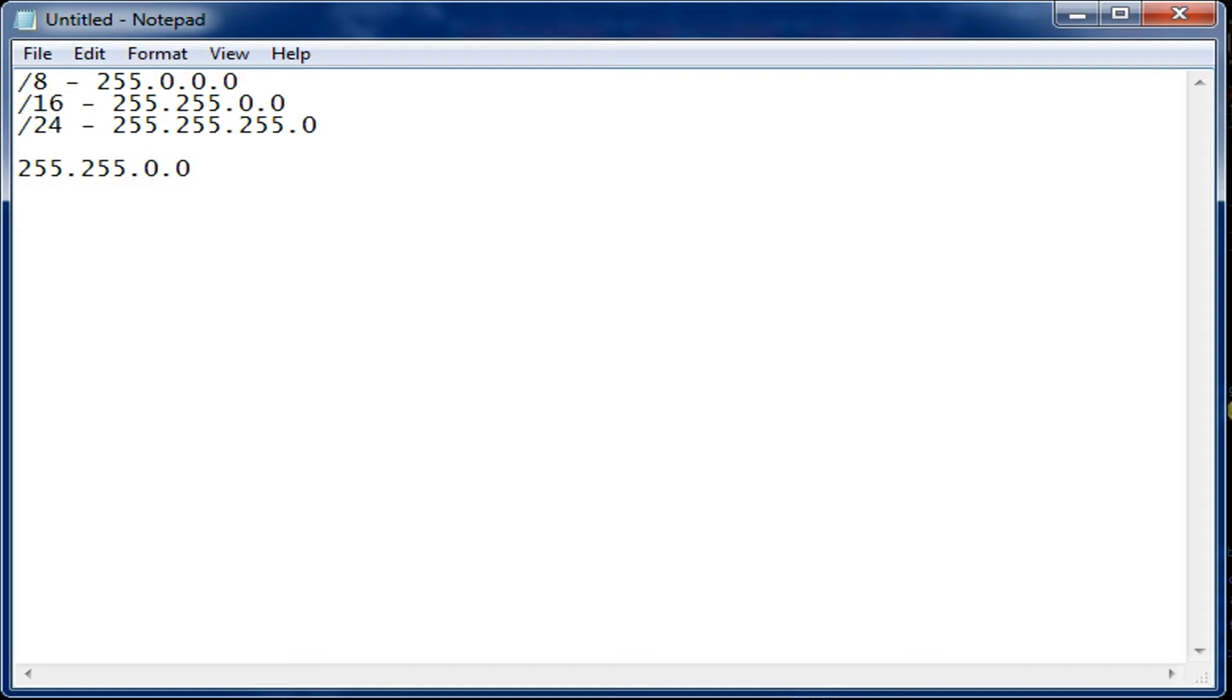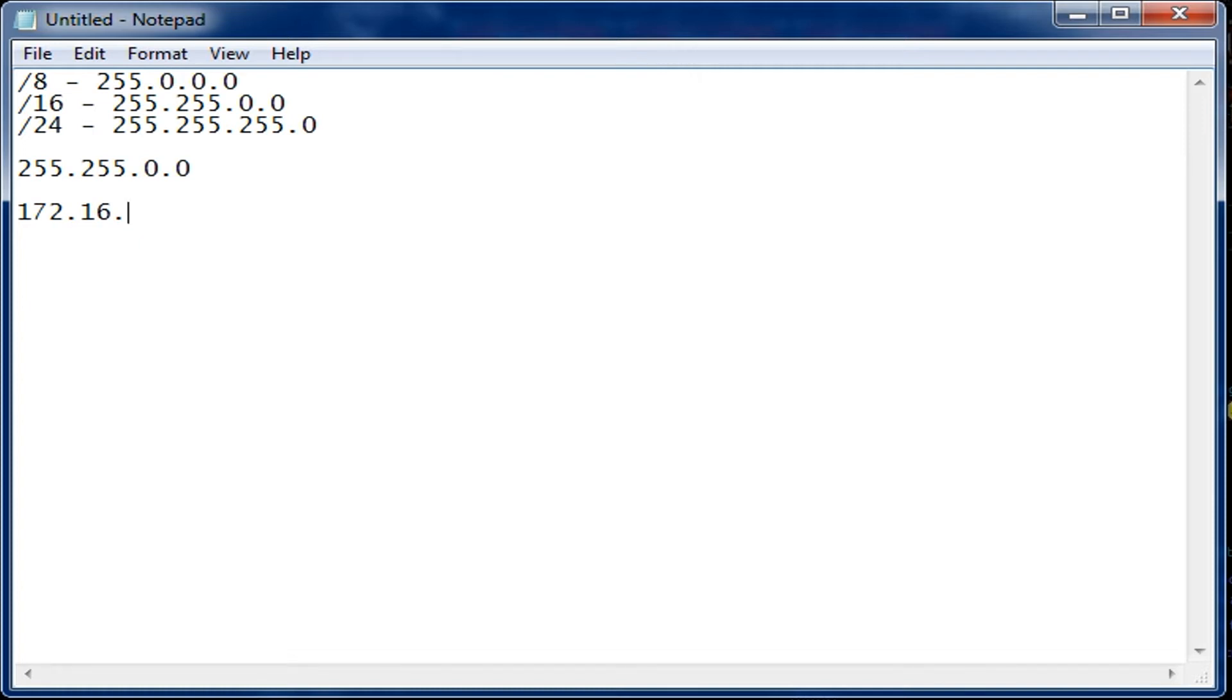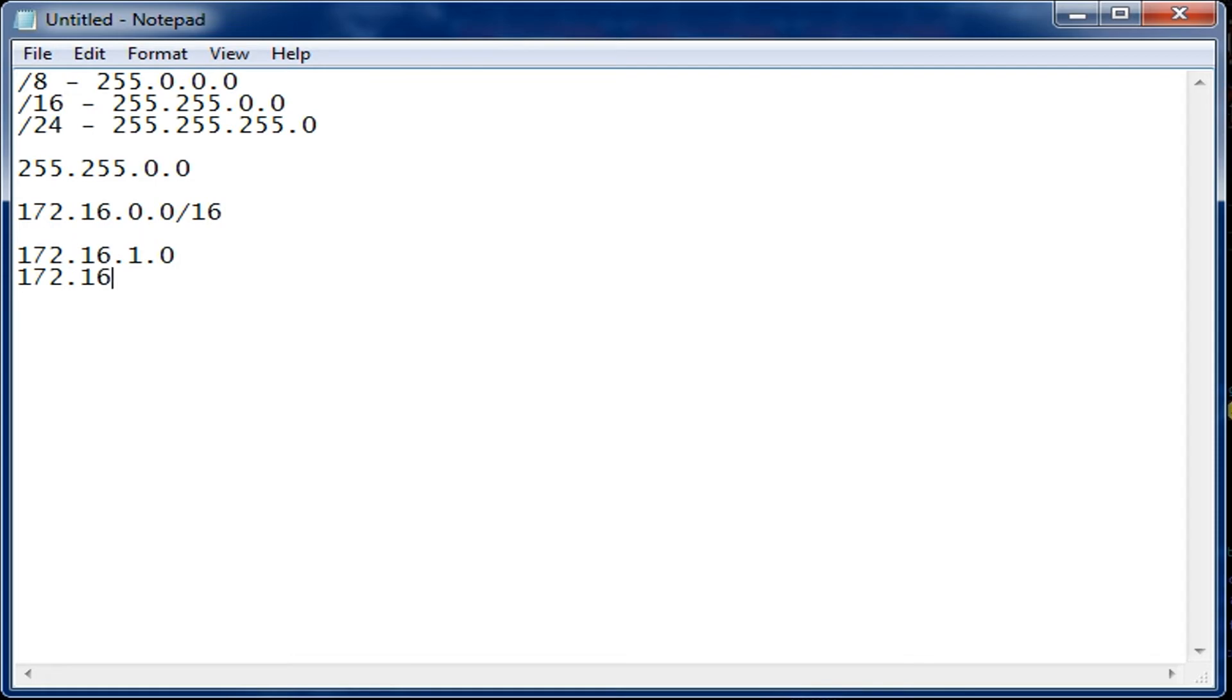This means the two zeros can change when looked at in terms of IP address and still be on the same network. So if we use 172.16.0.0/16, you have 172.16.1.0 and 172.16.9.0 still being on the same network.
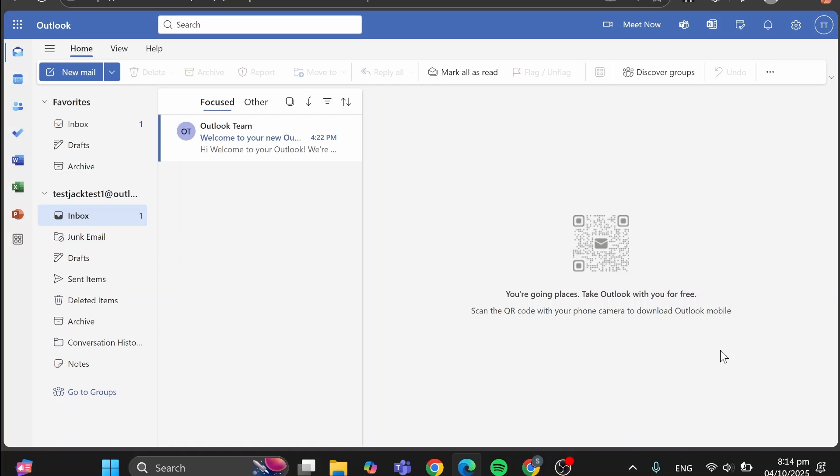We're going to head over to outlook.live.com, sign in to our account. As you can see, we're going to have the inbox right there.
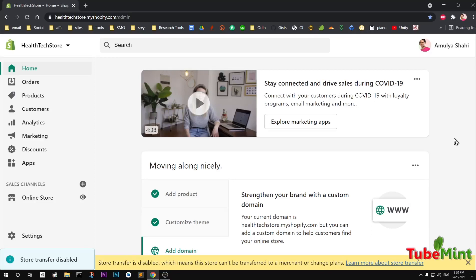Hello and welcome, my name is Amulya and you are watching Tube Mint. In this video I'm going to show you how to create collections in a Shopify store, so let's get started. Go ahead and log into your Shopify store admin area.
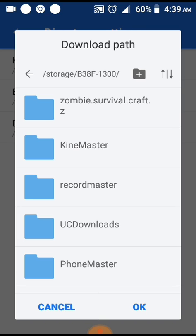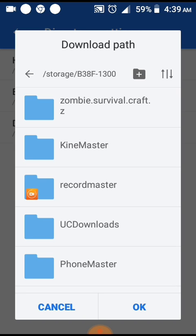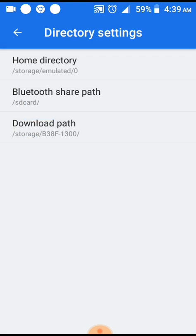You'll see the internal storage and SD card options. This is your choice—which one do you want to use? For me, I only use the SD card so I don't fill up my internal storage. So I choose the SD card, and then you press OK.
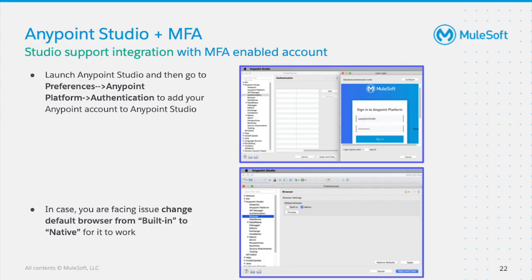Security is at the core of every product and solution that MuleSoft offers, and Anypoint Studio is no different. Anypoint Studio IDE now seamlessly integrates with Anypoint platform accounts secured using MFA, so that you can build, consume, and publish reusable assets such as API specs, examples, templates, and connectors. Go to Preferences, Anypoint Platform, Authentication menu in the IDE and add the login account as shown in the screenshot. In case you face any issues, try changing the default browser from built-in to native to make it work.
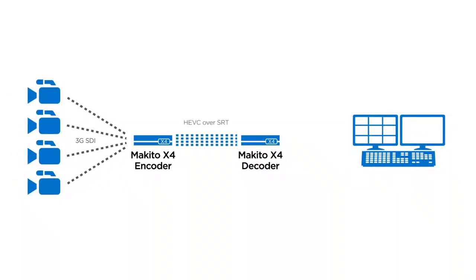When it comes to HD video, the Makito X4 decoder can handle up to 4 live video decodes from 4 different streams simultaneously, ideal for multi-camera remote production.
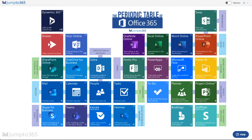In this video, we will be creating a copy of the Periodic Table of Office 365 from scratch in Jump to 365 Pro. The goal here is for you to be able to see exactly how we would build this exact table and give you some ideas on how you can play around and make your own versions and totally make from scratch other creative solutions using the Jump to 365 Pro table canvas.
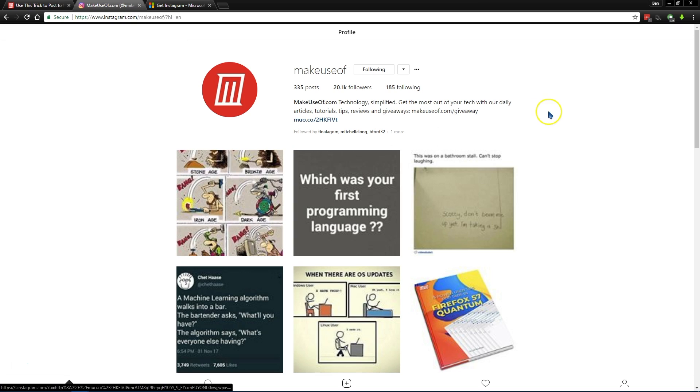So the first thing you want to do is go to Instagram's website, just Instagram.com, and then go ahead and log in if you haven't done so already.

**What the exercise asks:**
Could you set down, exactly as written, every line from the start of the records above through the line containing "You'll see the", leaving the pictures out?

**Task solution:**
This means the two zeros can change when looked at in terms of IP address and still be on the same network. So if we use 172.16.0.0/16, you have 172.16.1.0 and 172.16.9.0 still being on the same network.
We're going to head over to outlook.live.com, sign in to our account. As you can see, we're going to have the inbox right there.
Hello and welcome, my name is Amulya and you are watching Tube Mint. In this video I'm going to show you how to create collections in a Shopify store, so let's get started. Go ahead and log into your Shopify store admin area.
You'll see the internal storage and SD card options. This is your choice—which one do you want to use? For me, I only use the SD card so I don't fill up my internal storage. So I choose the SD card, and then you press OK.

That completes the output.